▸ TASK ITEM:
Don't include any picture when you restate the data word for word.

=== PROVIDED RECORDS ===

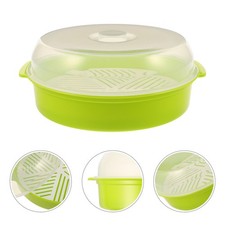 Cuit Vapeur Micro- Plat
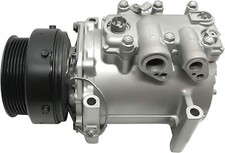 Compressor CA RYC Reman FG485 compatível com Mitsubishi 3000GT 3.0L 1994 1995 1996 1997 comprar usado  Enviando para Brazil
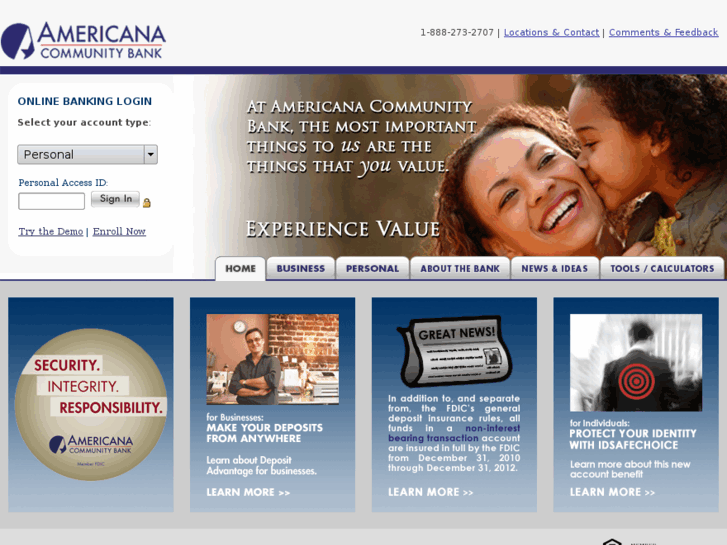 www.americanafinancial.com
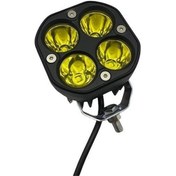 Resim Hella Fıt 4 Led Kare Sis Farı 
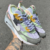 FN - Air Max 90 Futura Purple Green - loja online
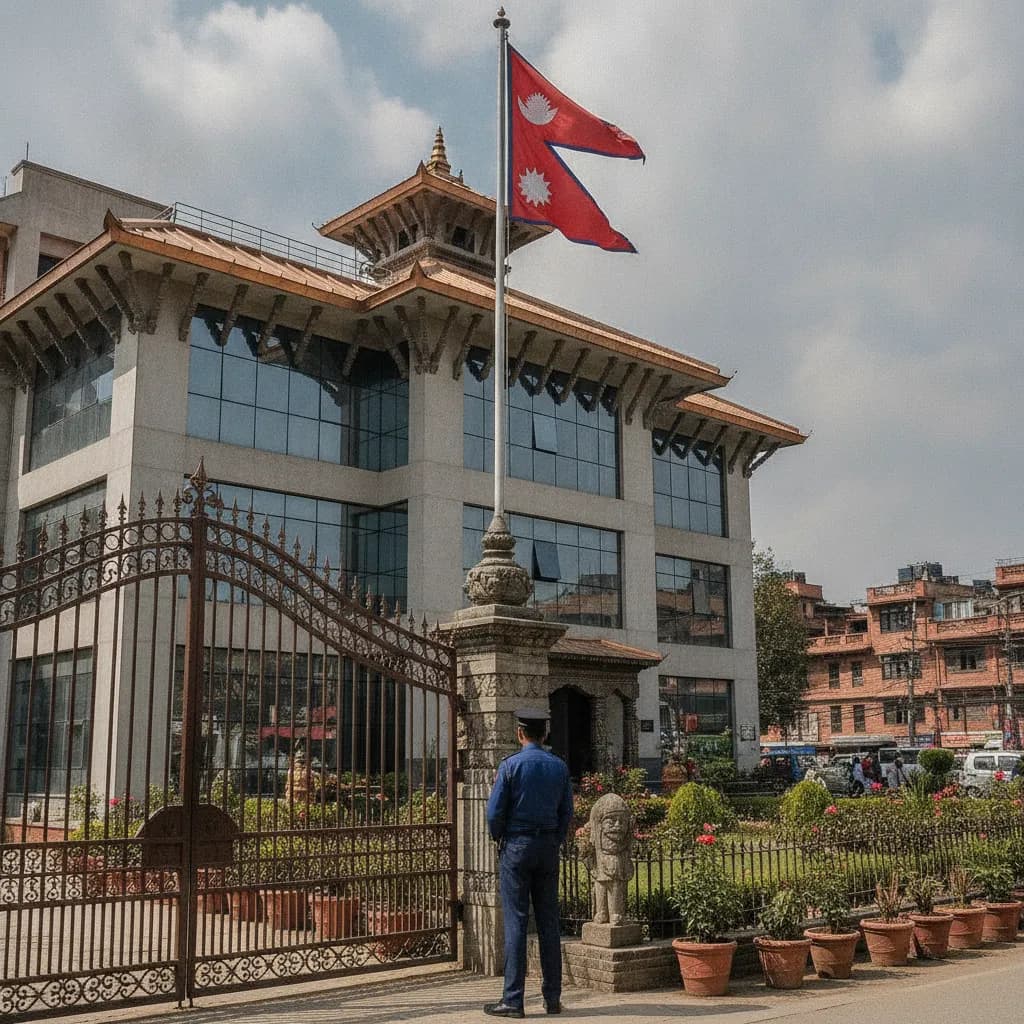पूर्वअर्थमन्त्री पौडेलविरुद्ध सम्पत्ति शुद्धीकरण मुद्दा : २० करोड ९० लाख बिगो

===

▸ EXPECTED OUTPUT:
 Cuit Vapeur Micro- Plat
 Compressor CA RYC Reman FG485 compatível com Mitsubishi 3000GT 3.0L 1994 1995 1996 1997 comprar usado  Enviando para Brazil
 www.americanafinancial.com
 Resim Hella Fıt 4 Led Kare Sis Farı 
 FN - Air Max 90 Futura Purple Green - loja online
पूर्वअर्थमन्त्री पौडेलविरुद्ध सम्पत्ति शुद्धीकरण मुद्दा : २० करोड ९० लाख बिगो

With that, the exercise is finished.